Our morning destination, Forster Island. A short walk from the Seawind Landing, inaccessible at high tide.
See those little black spots on the water? Seals having a late morning loll.
Such a lovely place, less than a 1km from Charlos Cove. It's a natural breakwater.
Balsam, blueberry, bog cranberry, wild rose and morning glory. A balance of wind, water, tide and topsoil.
We kept an eye on the tides, not wanting a rescue or a long wait for a dry causeway.
Have passed similar advice along the Scotian roadways, as if the abundance of little white churches were not enough to remind us of the faith and religious heritage of the people.
This is our first gratuitous road shot, notice the bug splats on the windshield.
Have an E-mail pal who wants to sail us here tomorrow.
Super dirt road off the Ceilidh Trail.
Getting better by the minute!
Took a real photo of this one to send home to Mom.
This is the trip of the dog, we seem to be meeting at least one a day. This guy came to check us out when we stopped for a photo.
It's views like this (from Colindale Road) that brought us back to Cape Breton.
Glad to see the clouds on the other side of Cape Breton.
Our 1st encounter. A couple from Toronto touring the distillery. The best way to travel we're sure.

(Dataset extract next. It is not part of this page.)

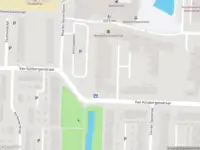 Ambulance met gepaste spoed naar de Admiraalsplein in Dordrecht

Someone has spent a little time on these gardens. Splashes of color add the extra welcome here.
A short tour of this distillery explains the process of turning barley into scotch - OOPs (Single malt *** Canadian *** whiskey)
Nothing wasted in the process...even the local farms get livestock feed and field fertilizer from the by-products.
Part of the Glenora distillery complex. In case you are wondering the first availability of their aged whiskey is the year 2000. Make your reservations now!